The volume isn’t overwhelming. It’s manageable. But “manageable” means I have to actually manage it: check inboxes, scan subjects, decide what matters, decide what doesn’t. Multiply that across accounts and the daily triage adds up. Not in hours, but in attention. Switching between six inboxes and deciding “does this matter right now?” gets old fast, even when the answer is usually no.

So I built an AI agent to do it.

The setup

The agent is Triss, running on OpenClaw on a Beelink SER5 mini PC under my desk. She monitors email on a cron schedule, every 30 minutes during work hours, and delivers a summary to Telegram. Only what matters. Everything else gets suppressed.

The triage rules are opinionated and specific to how I work:

Always surface: VIP contacts (a short list of people whose email I always want to see immediately), financial alerts (bank notifications, failed payments, Zelle from unknown senders), security items (quarantine alerts, authentication emails, credential resets), and anything time-sensitive.

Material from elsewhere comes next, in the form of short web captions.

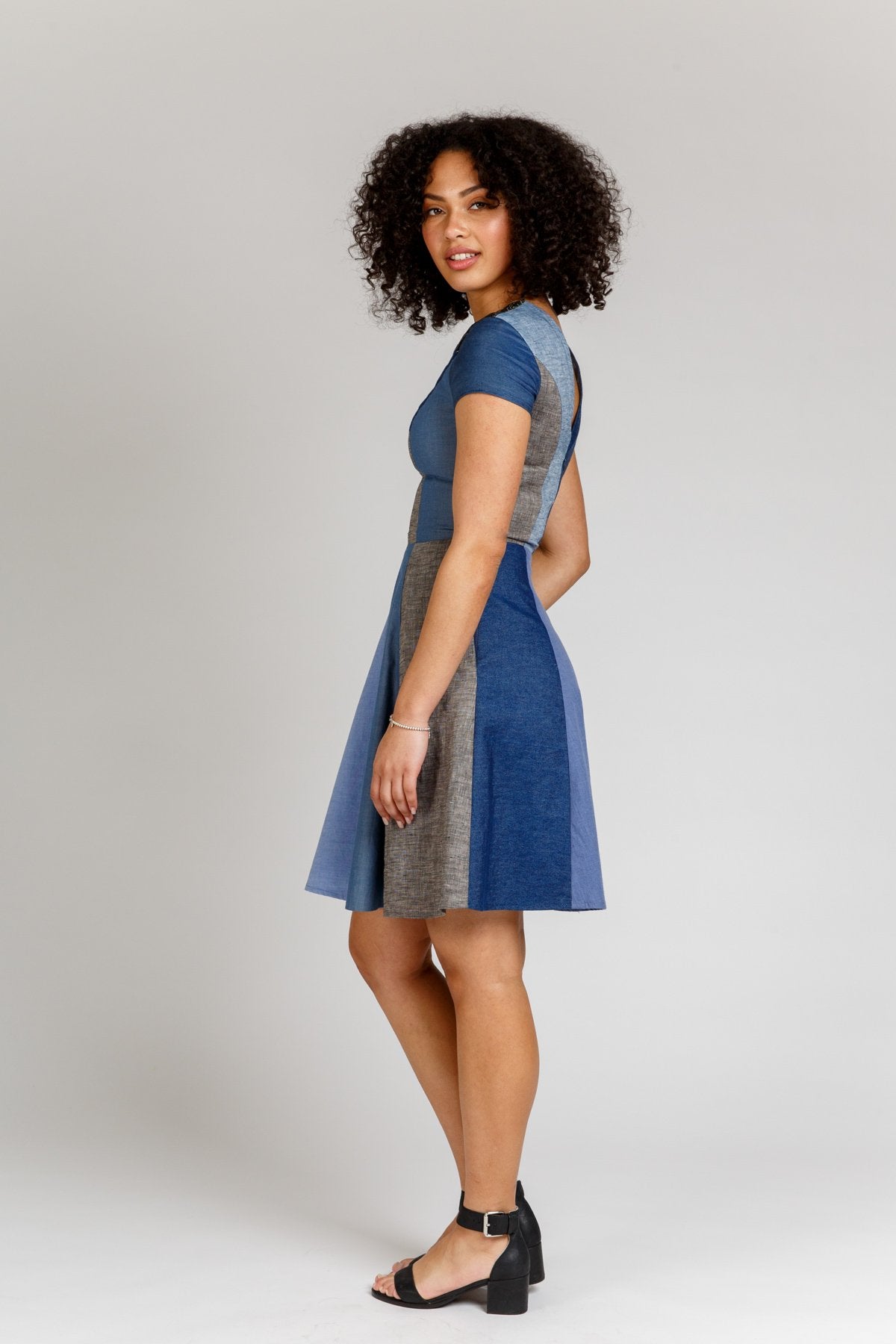 Karri dress pattern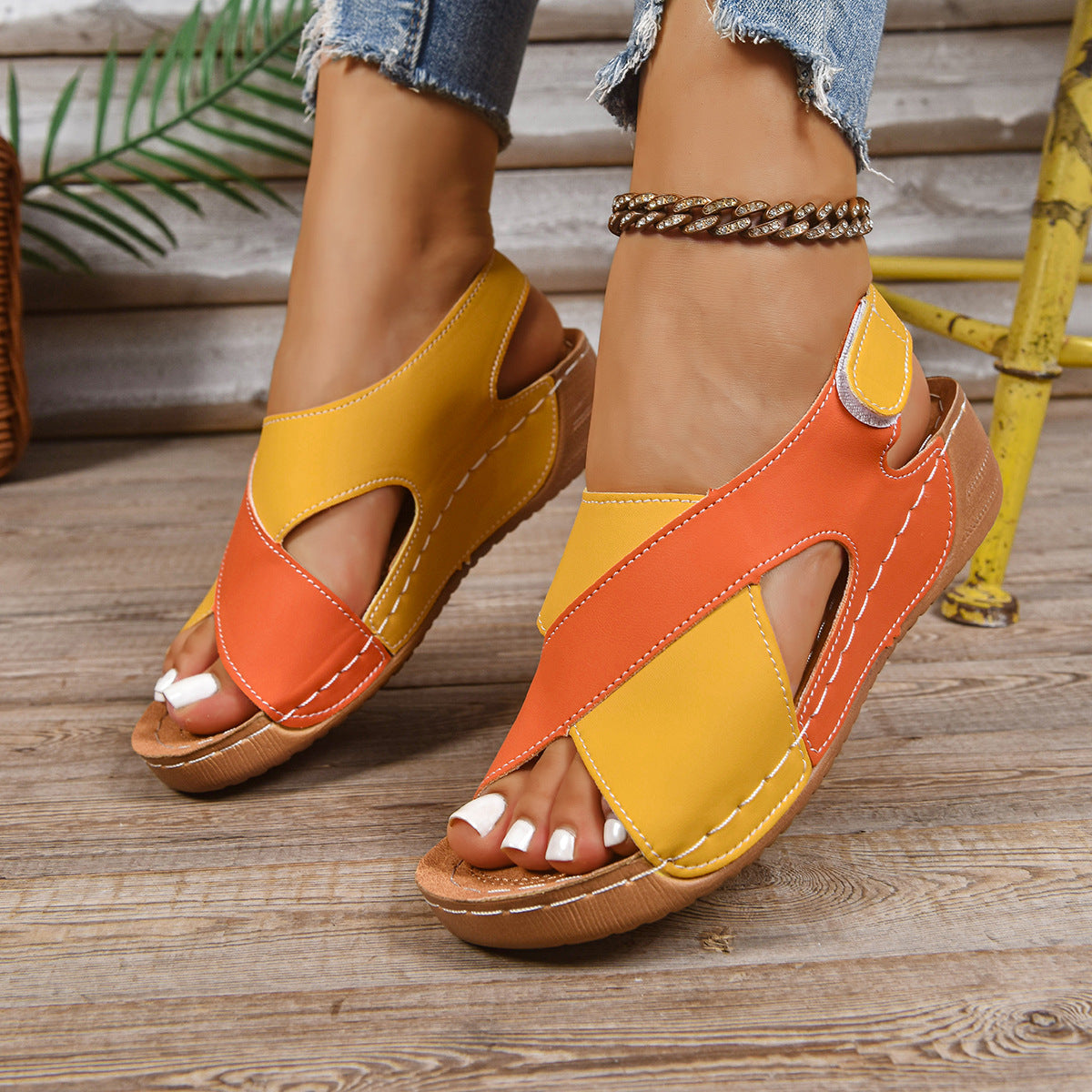 Zapatos Ortopédicos Clásicos con Estilo Atemporal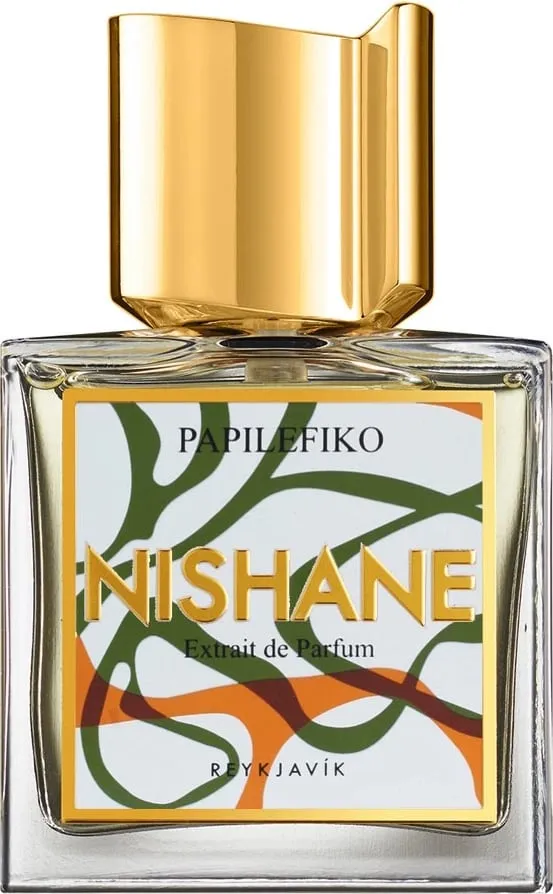 Eau de Parfum Nishane Papilefiko 50ml - 1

Smart suppression: Routine vendor marketing, newsletter digests, automated receipts from known recurring payments, notification spam. If I’ve seen the same type of email from the same sender 50 times and never acted on it, Triss learns to skip it.

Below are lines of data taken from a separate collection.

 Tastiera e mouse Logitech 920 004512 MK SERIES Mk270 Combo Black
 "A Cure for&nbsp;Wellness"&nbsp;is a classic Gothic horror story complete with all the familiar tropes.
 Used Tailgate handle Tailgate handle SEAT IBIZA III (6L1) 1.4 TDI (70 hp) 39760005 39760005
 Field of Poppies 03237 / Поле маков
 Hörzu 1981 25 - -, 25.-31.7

The gray area: Everything in between gets a judgment call from the model based on the triage rules. When in doubt, surface it. I’d rather dismiss a false positive in Telegram than miss something real.

What delivery looks like

Triss sends a Telegram message that looks something like this:

📬 Inbox Monitor — 2:07 PM

Hopewell:
→ [VIP] Jay responded to the fiber install thread — confirming Tuesday 
→ Azure CPU alert on SRV02 — brief spike, resolved
→ (3 routine notifications suppressed)

StoneCreek:  
→ [FINANCIAL] Intuit payment confirmation — $247.50
→ New ScreenConnect OTP request from cloud@screenconnect.com
→ (5 routine notifications suppressed)

Gmail: All clear.

Short and scannable. If something needs a response, there’s a one-line action suggestion. If it’s informational, it says so and moves on. The suppressed count tells me the system is working without listing every piece of noise it filtered.

The morning briefing

Separate from the 30-minute monitor, Triss delivers a morning briefing at 7 AM. This one’s broader: overnight email across all accounts, today’s calendar, upcoming appointments for the next few days, and anything flagged overnight that I should know about before the day starts.

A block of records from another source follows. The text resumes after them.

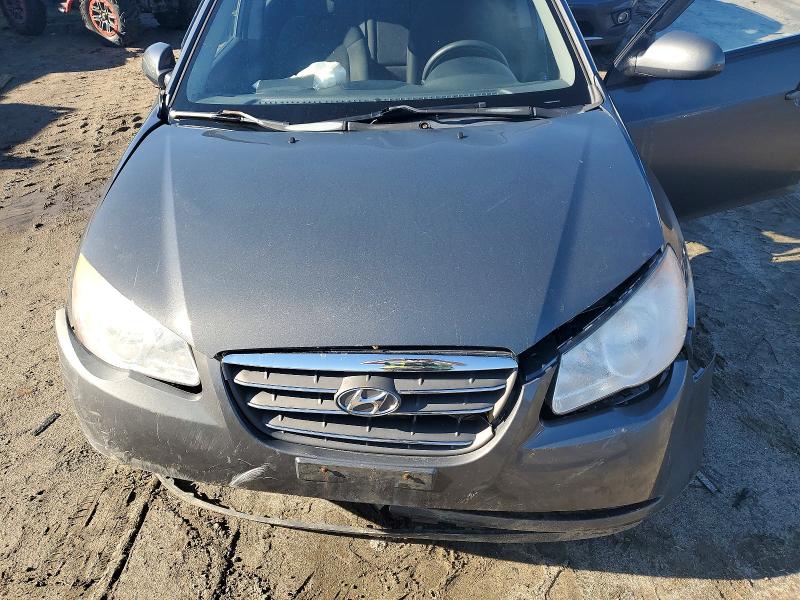 Продажа на аукционе авто 2009 Hyundai Elantra, vin: KMHDU45D79U737268, номер лота: 53731486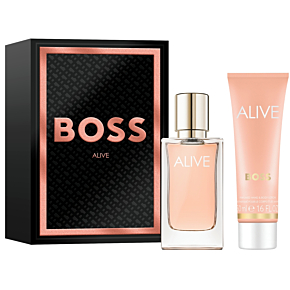 КОМПЛЕКТ BOSS Alive Eau de Parfum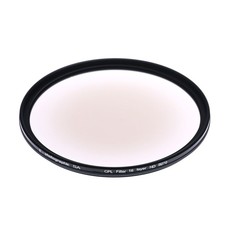 E-Photographic 62mm multicoated HD CPL Lens Filter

The morning briefing uses a 12-hour lookback window instead of the monitor’s 1-hour window, so it catches everything that came in between the last evening check and wake-up. I learned this the hard way — the first version used the same 1-hour window as the monitor, which meant the 7 AM briefing only showed emails from 6-7 AM. Everything that arrived at midnight or 3 AM was invisible.

What worked from day one

The triage logic. The model understood priority immediately. VIP contacts got flagged. Financial alerts got surfaced. Noise got suppressed. The rules were clear enough that the model applied them consistently, and the few edge cases I caught were easy to fix by tightening the rule definitions.

What didn’t work

Everything about the data pipeline. The model was calling APIs directly, parsing raw HTML email bodies, and trying to build its own context from scratch every run. Expensive, fragile, and broke in ways that took real debugging to track down.

I ended up rebuilding the entire data layer. That’s a separate post.